Mexico's financial leadership has unveiled an eight-point, public-private initiative to strengthen the financial sector.
The project, which touches on technology, services, market incentives, fees and financial inclusion, is the product of months of discussions between the heads of Mexico's private financial institutions, the central bank and the incoming finance ministry under President Andrés Manuel López Obrador (AMLO).
"The main objectives of these actions are to increase the coverage of the financial sector and promote liquidity in the stock market, introduce a more efficient payment system for the population, and overall, facilitate and promote savings mobilization, channeling them into productive investments," read a press release from the finance ministry.
"All these objectives are a prerequisite for a more dynamic, inclusive and equitable economic growth."
For his part, the head of Mexican banking association (ABM), Marcos Martínez Gavica, outlined the group's strategic plan through 2024 to add at least 30mn clients to the banking system, increase consumption of lending to families by 50%, approve 1.3mn new mortgages, give financial support to 250,000 micro, small and medium enterprises, contribute an additional 0.7 percentage points to GDP, and achieve a credit penetration as a percentage of GDP of around 50%.
"In order to meet these goals... it is fundamental for there to exist continuous and coordinated work between the authorities and the banking sector," said Martínez Gavica, according to the ABM transcript.
At the presentation late Tuesday, central bank governor Alejandro Díaz de León (pictured), finance minister Carlos Urzúa and finance vice minister Arturo Herrera outlined the following plan:
- Improvement of the SPEI electronic transfer payment system and integration of the CoDi (Cobro Digital) payment system, based on QR code transfers and near-field communication (NFC) technology, a tool in development at the central bank since 2016. This system should enable sellers and buyers to execute transactions through mobile phone devices within seconds, while also reducing the use of cash in daily transactions.
- Getting payroll loans with any bank. Díaz de León outlined the implementation of "open architecture" to allow workers to use their payroll bank accounts as a source of payment for all types of loans and with any financial institution.
- Regulation for repurchase and securities lending transactions will be revised so that a larger number of financial entities can execute repurchase transactions or securities lending operations. At the same time, the range of securities that banks and brokerage firms will be able to use for repurchase operations will be broadened, thereby promoting more liquidity in the fixed income and capital markets.
- Strengthening incentives for companies to list their equity and debt in the stock market and removing factors that discriminate between domestic and foreign investors. This includes a reduction of taxes on income from the sale of stocks in IPOs to a rate equivalent of 10% of income tax (ISR) from the current level of 35%. The plan also gives a 100% credit of ISR withholding to foreign residents with corporate debt investments.

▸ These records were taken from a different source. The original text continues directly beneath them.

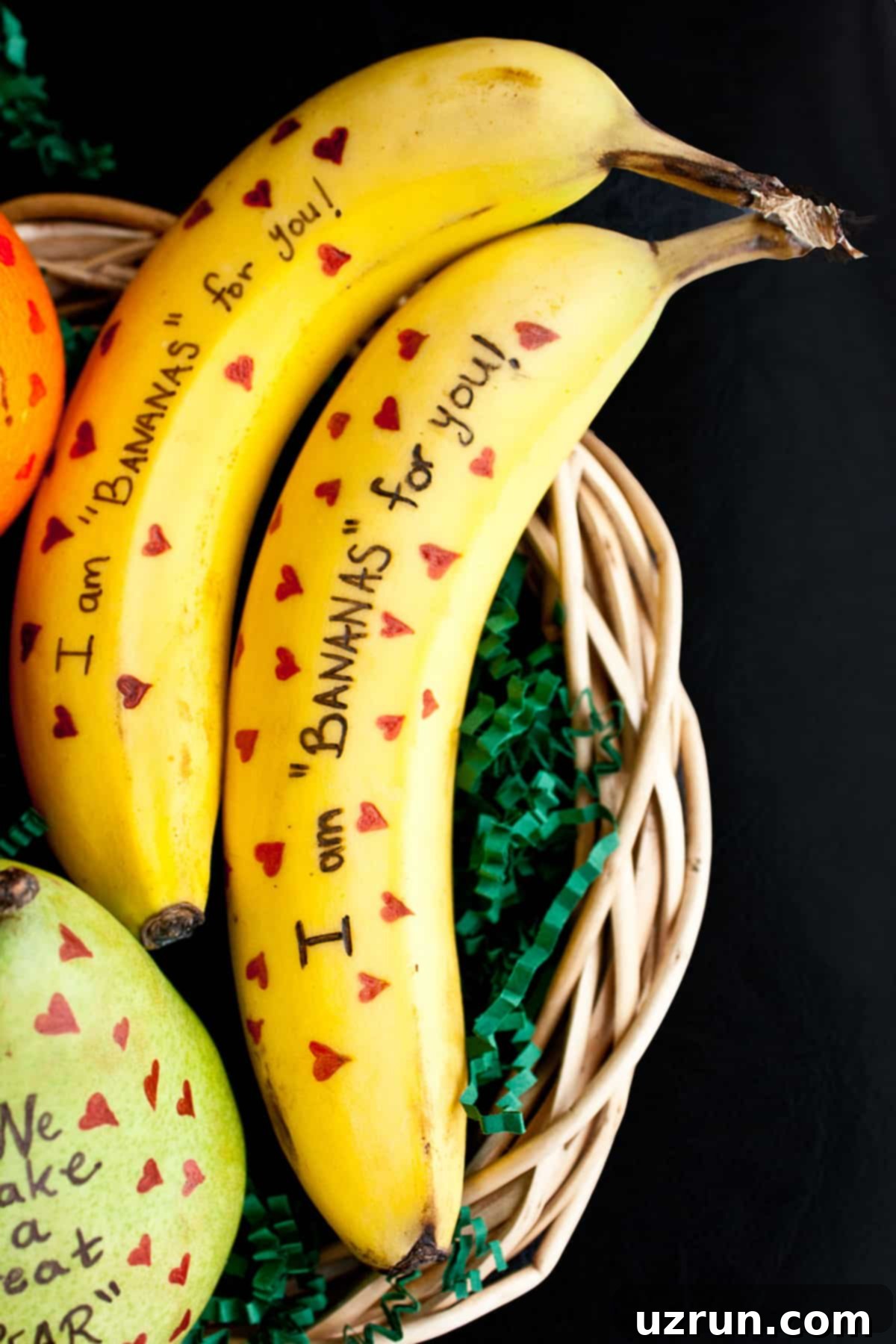 Valentine's Day Fruit Delights 4 Valentine Bananas With A Cute Note: "I am Bananas For You."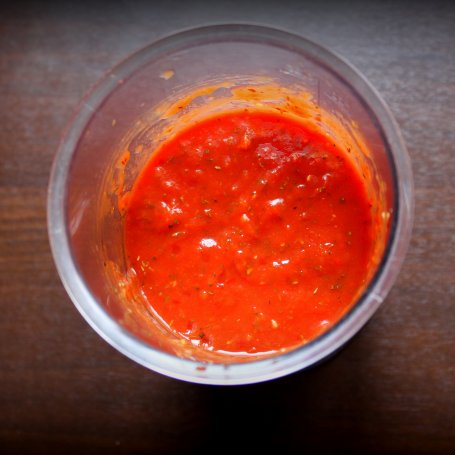 Krok 1 - Spaghetti z sosem pomidorowo - paprykowym foto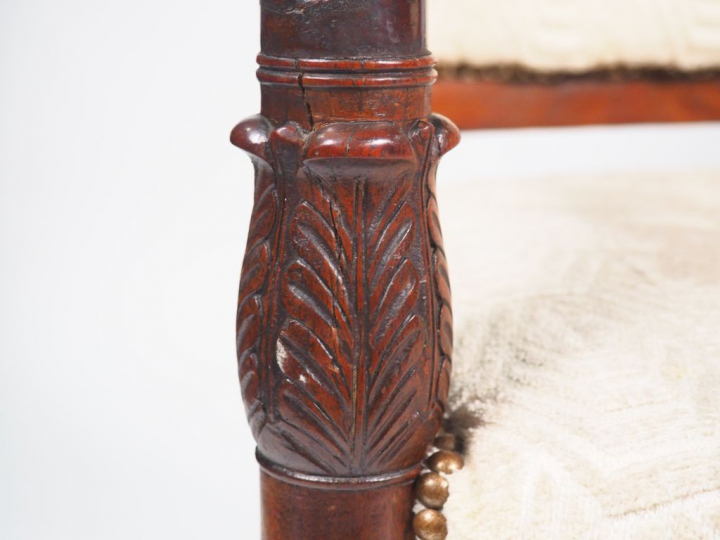 Paire de fauteuils Empire en acajou et placage d'acajou à décor de feu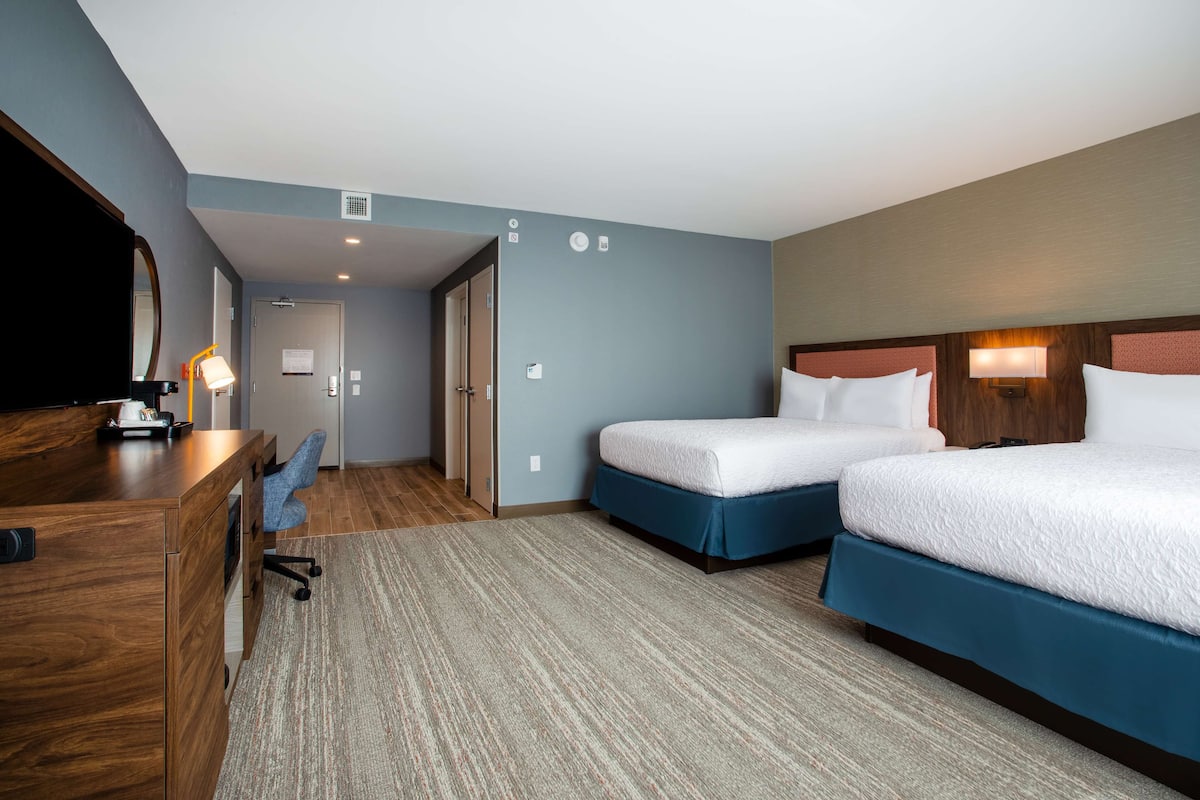 In-room safe, desk, WiFi, bed sheets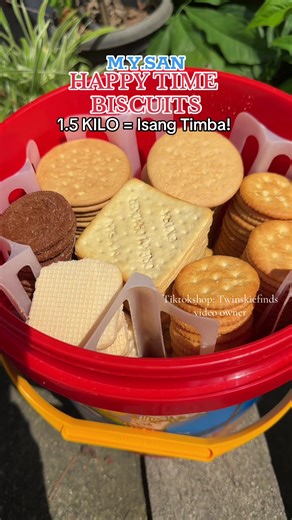Isang Timba ng Assorted Biscuits!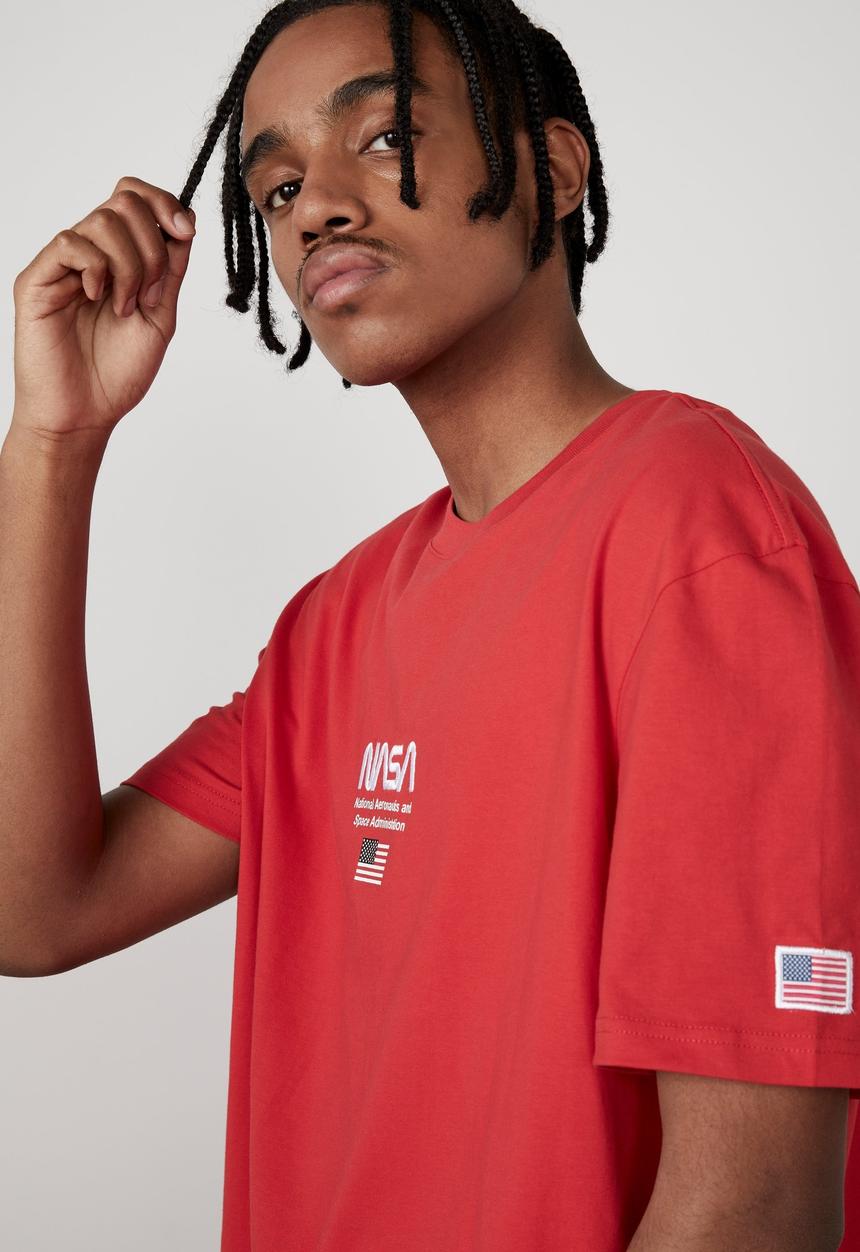 Factorie - Regular pop culture T-shirt - lcn nas lychee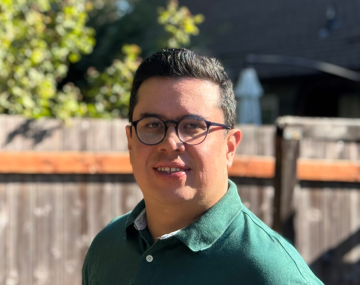 Camilo H. Parada-Rojas Headshot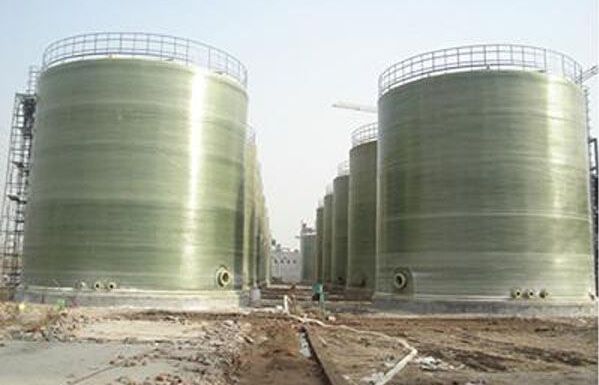 玻璃鋼罐性能優(yōu)越適用范圍廣泛 玻璃鋼罐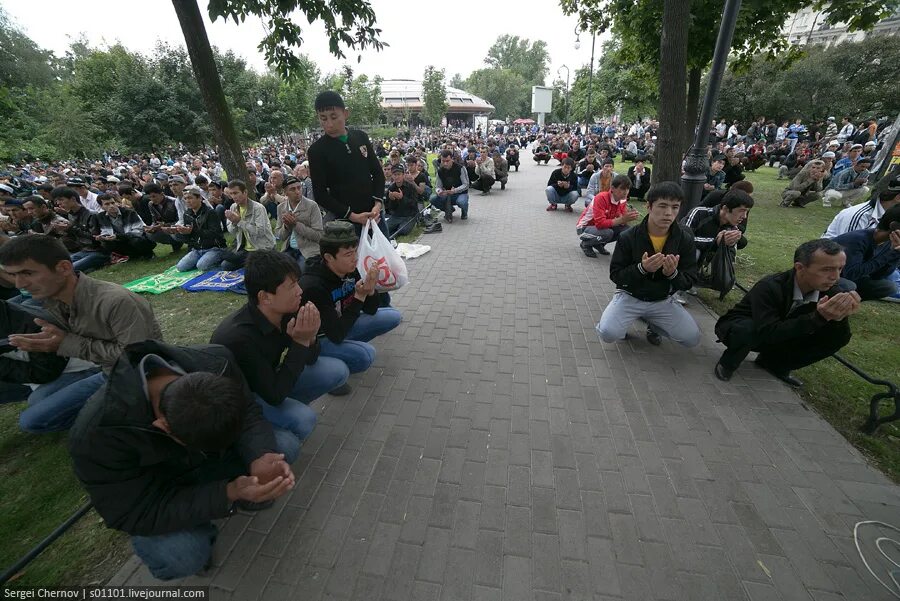 Ураза питер. В пятницу молятся народ в Краснодаре фото.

- Greater flexibility for financial intermediaries in their repurchase and securities lending operations. Authorization will be given to financial institutions, including the pension fund managers (Afores), to conduct repo and lending with securities issued by these companies.
- Greater flexibility to the investment regime at Afores. This measure aims to help Afores to better diversify their investments and, at the same time, encourage them to invest more in long term projects (e.g., infrastructure). Afores are also directed to reduce commissions to below 1% and take additional actions to encourage voluntary contributions.
- Eliminate barriers to financial inclusion by allowing young people between 15 and 17 years of age to open their first bank account. This is expected to benefit around 7mn young people.
- Strengthen national development banks to benefit 15mn new clients in rural areas, vulnerable municipalities and semi-urban areas where there is no presence of commercial banking. To this end, the National Savings and Financial Services Bank (BANSEFI in Spanish) will be renamed and transformed into the Banco de Bienestar, and a new financial group will be created to cater to the needs of the agricultural sector. The new financial group will consist of four institutions: Financiera Nacional de Desarrollo Agropecuario, Forestal, Rural y Pesquero (FND); Fondo de Capitalización e Inversión del Sector Rural (FOCIR); Fideicomiso de Riesgo Compartido (FIRCO) and Agroasemex.
Banorte's economic analysis team, in a note, offered a positive response to the plan. "We applaud the efforts of the federal government to boost the financial sector. In this context, Mexico is still among the countries of Latin America with one of the lowest levels of financial penetration," it said.
"In our opinion, the measures announced today will help to increase penetration by allowing the entry of a greater number of users of banking services, which will eventually also help reduce informality," added Banorte.